Where else does sheer boredom drive you to read every single page of the sort of magazine that you wouldn't normally even consider opening for fear of rotting you eyes?

Where else would you be willing to spend a couple of hours contemplating your increasingly imperfect reflection in unflattering light?

Where else would you allow someone to sit you in a shop window with a towel on your head?

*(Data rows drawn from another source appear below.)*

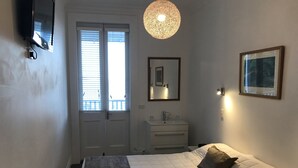 Un dormitorio con cama, mesita de noche, televisor montado en la pared, ventana con persianas, lámpara colgante, espejo y un cuadro enmarcado.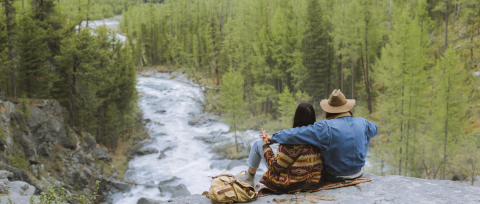 couple sitting on rock overlooking nh river and mountains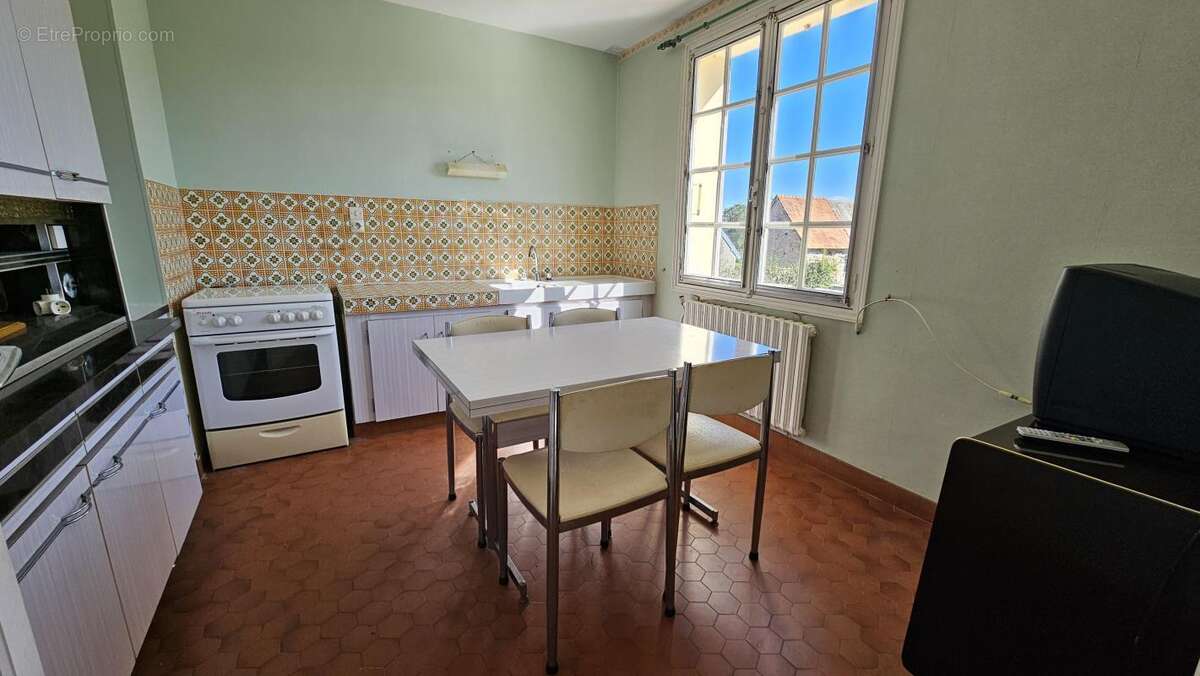 Maison à CAVIGNY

At the hairdresser's of course. I had a great morning.



Wendy said...

Ooh...I haven't done the French hairdressing thing yet...not brave enough. Hope it was worth it.

deborah said...

the last time I saw you I liked the short style

I dyed mine today (not exactly a dye, some shampoo stuff called ... well in a red box, yes Dédicace, blond foncé cendré) I seem to wait longer and longer between using the stuff, so am practically white by the end of the month but it is wonderful stuff and seems to be harmless. Hilary told me about it in the first place.

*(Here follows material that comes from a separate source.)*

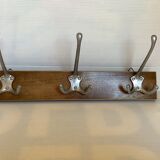 Old coat rack wood metal three hooks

As for hairdresser's I was told about two sisters near St Seurin, so I went the other day for a short back and sides, how much? eleven euros please ..... amazing

You forgot to add:

Where else is there always a small dog sitting quietly near the entrance ?

Sarah Mackenzie said...

I always wish that hairdressers were staffed by deaf mutes. And if they were blind too that would be great. Sort of cut by touch.

deborah said...

Sarah, this sounds sexist as daft blonds spring to mind in your case!
Change hairdresser's and always ask for the man ...
there are quite a few not bad looking and witty males out there, and they often go fast so you can leave quickly!

Lesley said...

Wendy: not worth it, neither the time nor the money.

Deborah: oooh, THAT'S sexist. Worst hairdo I ever had was from a man. I walked out of his salon looking like Angela Davies. And a boy apprentice managed to clip Z's ear last summer.

Sarah Mackenzie said...

I'm not sexist just hairdresserist.

I cut my own now and bore myself.

Where am I going tonight? Nowhere. Oooh that sounds lovely. Yes, lovely, and then I am going to self-immolate in a vat of cognac. Oh, super.

The price I pay for avoiding this kind of experience is that my hair may look a little odd. But honestly its not much odder than on some of the occasions that I have coughed up the readies and paid a professional.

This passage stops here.